上記12社の累積損益についてみると、11社が累積損失を抱えていて、その合計額は23億7591万余円となっており、12年度の損益についてみると、当期利益を計上しているものが2社、当期損失を計上しているものが10社となっている。
また、出資後10年以上を経過しているものは3社であるが、このうち1社は事業を廃止して清算中であり、他の2社も多額の累積損失を抱えていて、うち1社は債務超過の状態にある。このほか、12年度に経営難となり操業を休止したものが1社ある。
以上のとおり、出資会社のなかには経営が比較的良好なものもあるが、これまでのところ、その多くがいまだ経営が安定していない状況となっている。
ウ 工業用水道事業
工業用水道事業は、公団が造成した団地やその周辺企業に対して必要な工業用水を供給するもので、昭和41年度以降、福岡県鞍手、田川、宮田の各地区において計3事業を実施しており、平成12年度末の工業用水道資産の貸借対照表残高は95億6025万余円となっている。
工業用水道事業に係る事業収支についてみると、4年度以降は事業収入が事業費を上回っている。
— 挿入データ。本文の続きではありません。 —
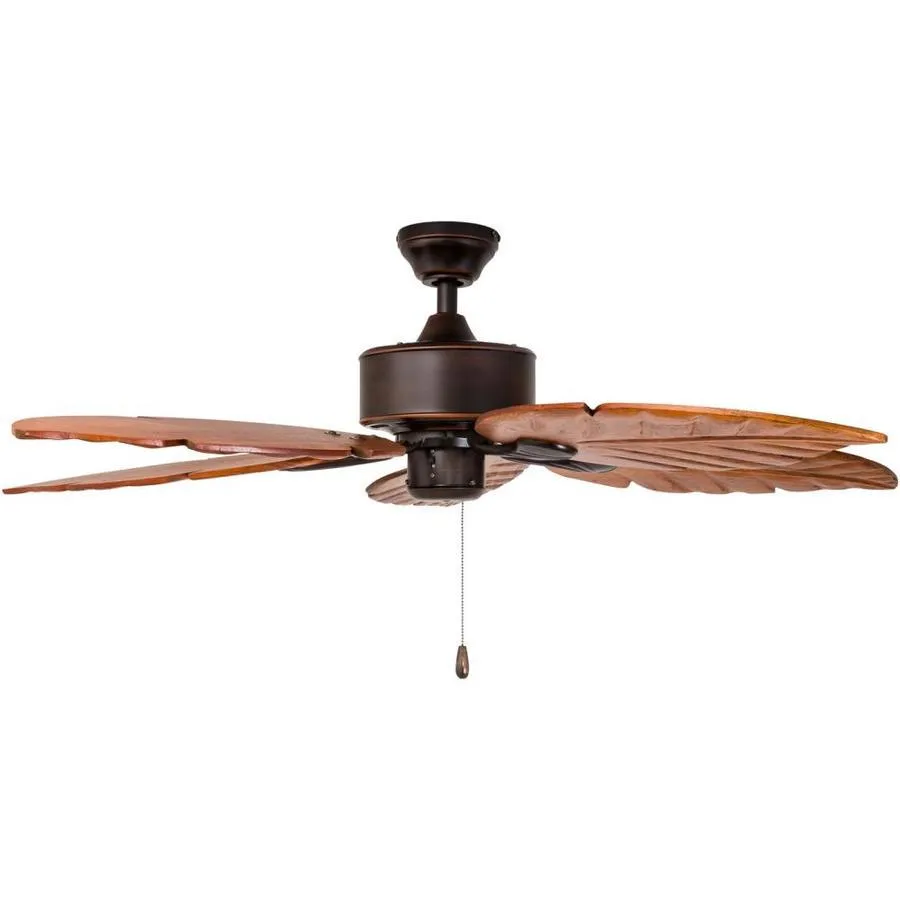 Harbor Breeze St Kitts 52-in Oil Rubbed Bronze LED Indoor/Outdoor Ceiling Fan with Light, 5 Hand-Carved Blades, photo 5 of 14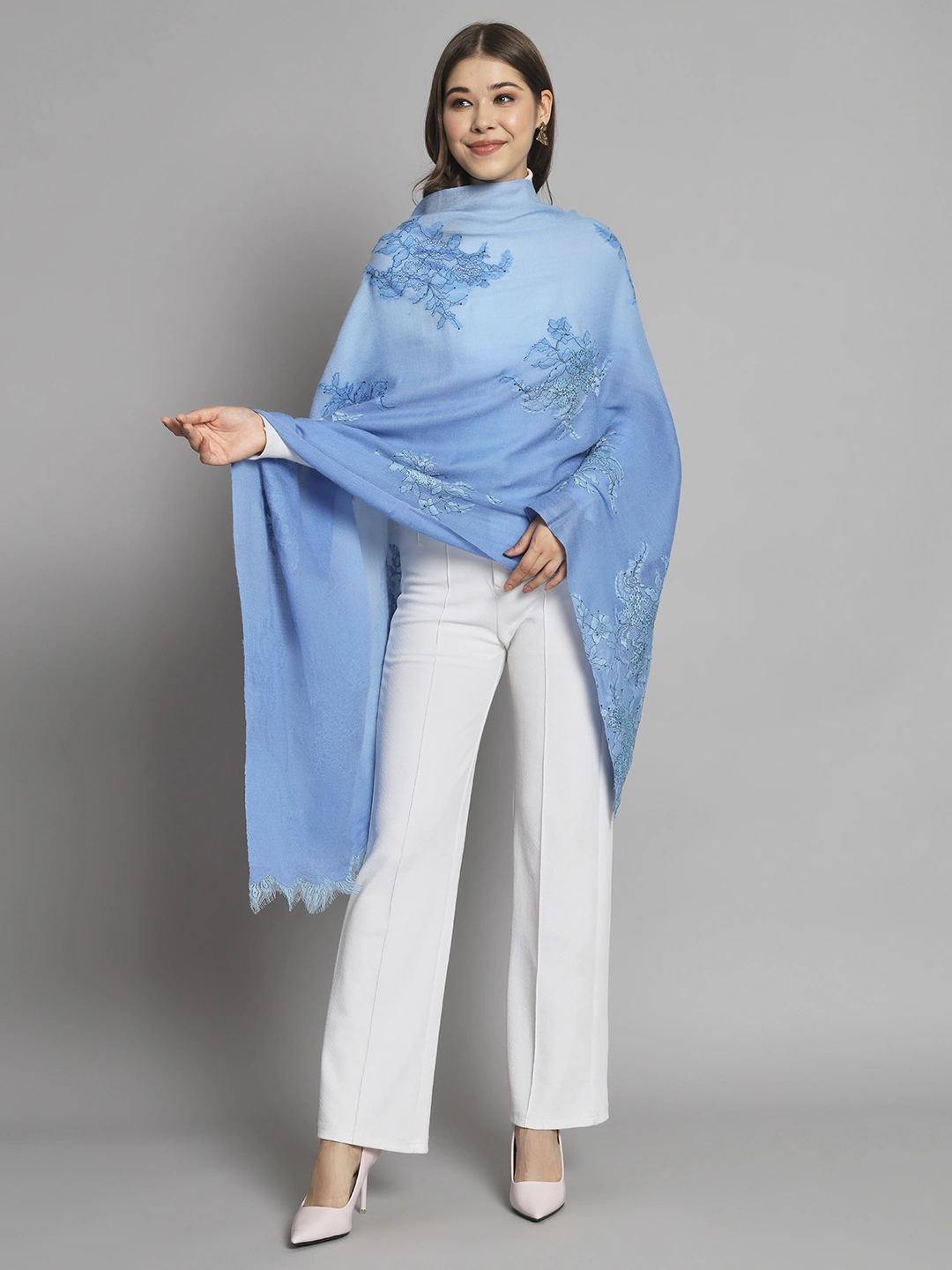 Ombre Blue Shawl with lace and swarovski design-3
しかし、給水能力に対する契約給水量の割合(以下「有収率」という。)は、鞍手工業用水が59.8%となっているものの、田川工業用水は29.9%、12年度から一部給水を開始した宮田工業用水は2.9%と低水準に止まっている。
工業用水道事業については、3事業とも地元地方公共団体に有償で移管する方向で検討が進められている。
4 本院の所見
公団は、昭和37年度に産炭地域振興事業団として発足して以来、前記各事業の実施を通じて産炭地域の企業立地や雇用創出に寄与するなど、国の産炭地域振興対策における重要な役割を果たしてきた。しかし、国の産炭地域振興対策が平成13年度に完了することに伴い、公団の産炭地域振興事業についても新規事業の着手は同年度をもって終了することとなった。そして、それまでに造成した土地・施設等については、14年度以降も、当分の間、管理及び譲渡を行うこととされているが、これらについても事業効果の早期発現を図る必要がある。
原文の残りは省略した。